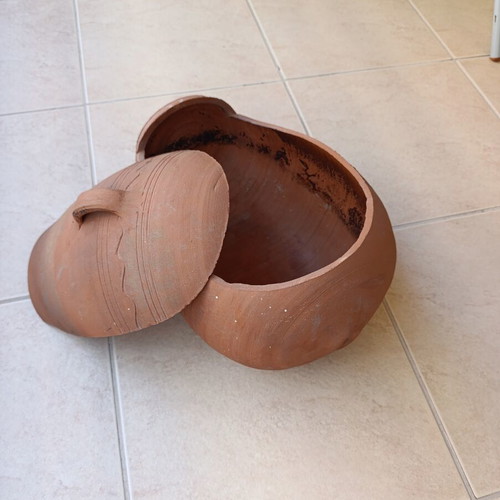 Clay Gastra used, like a kioupi pot
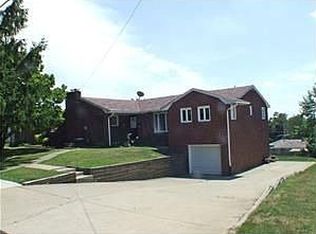 372 Lebanon School Rd, West Mifflin, PA 15122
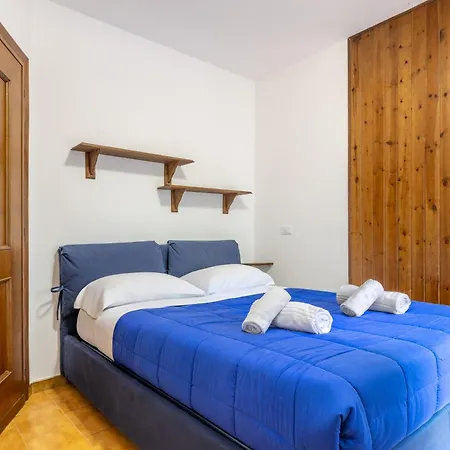 Hostdomus - Casa Floris Alassio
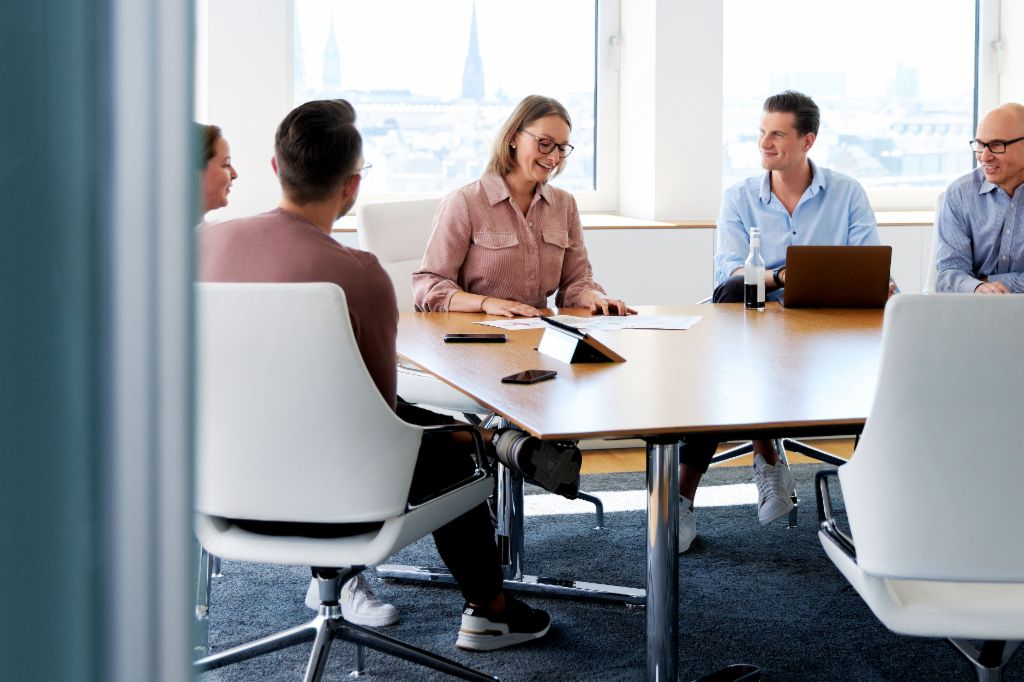 Groep EOS-medewerkers in vergadering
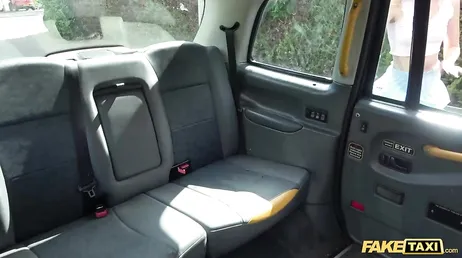 Till slut får taxichauffören en avsugning av denna heta kvinna...
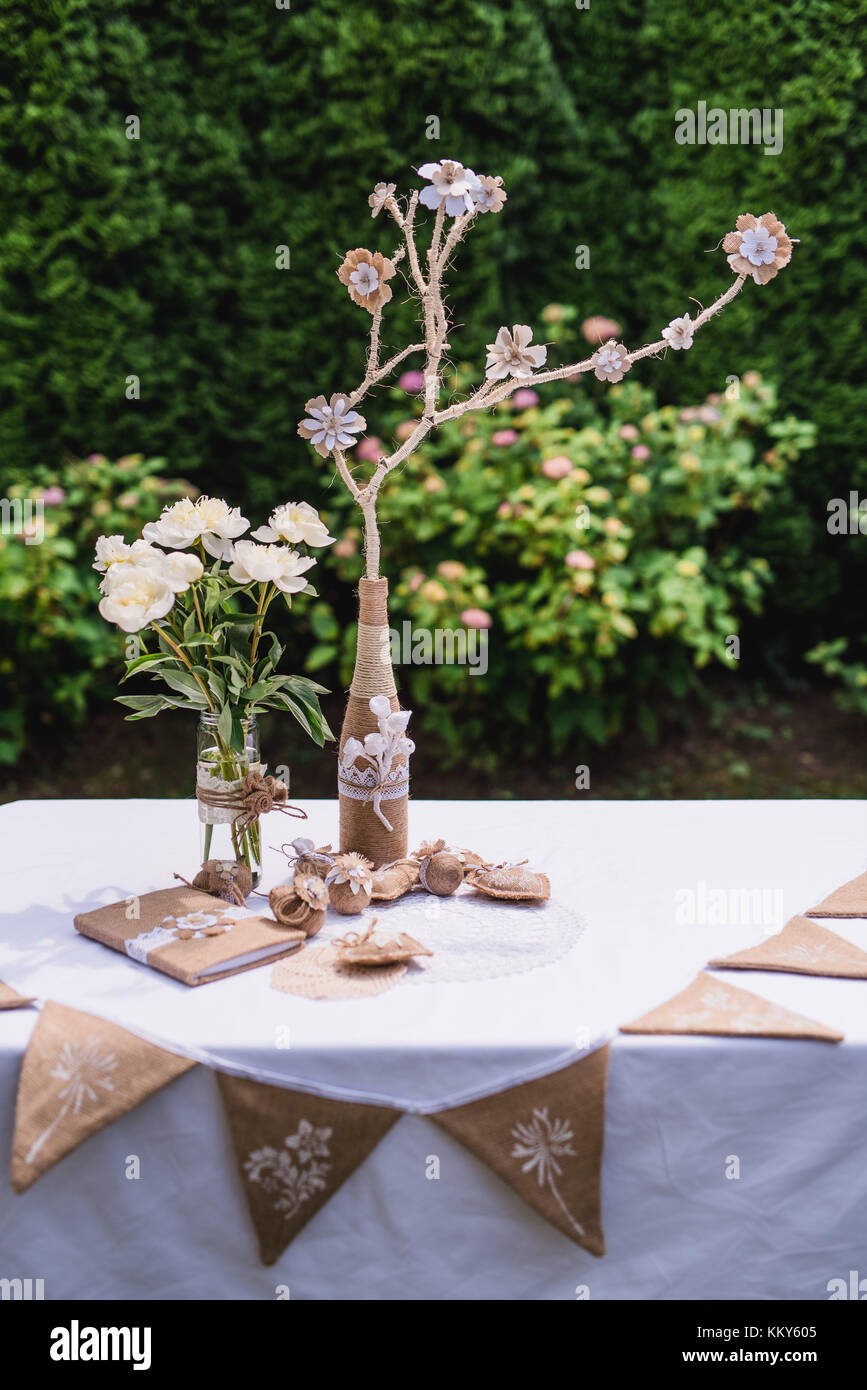 Gartentisch, Ostern Dekoration, Blumen, Gabel, Jute, Ostereier, Stockfoto
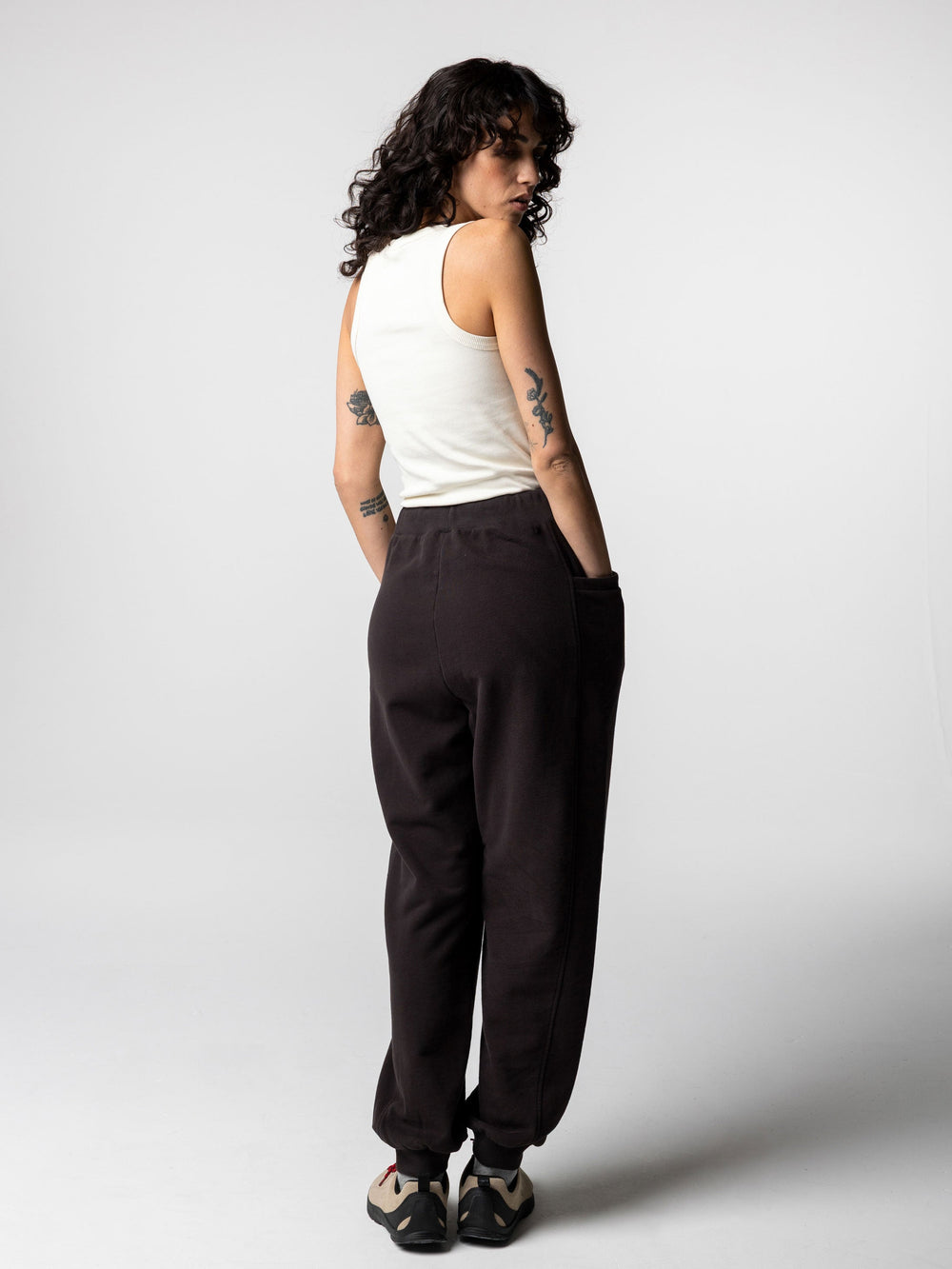 Women Awen Jogger in Burnt Umber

TASK TO COMPLETE:
Your answer must consist solely of the lines from the one containing "Groep EOS-medewerkers in vergadering" through the last line of the records above, copied exactly, with every picture left out.

WRITTEN SOLUTION:
 Groep EOS-medewerkers in vergadering
 Till slut får taxichauffören en avsugning av denna heta kvinna...
 Gartentisch, Ostern Dekoration, Blumen, Gabel, Jute, Ostereier, Stockfoto
 Women Awen Jogger in Burnt Umber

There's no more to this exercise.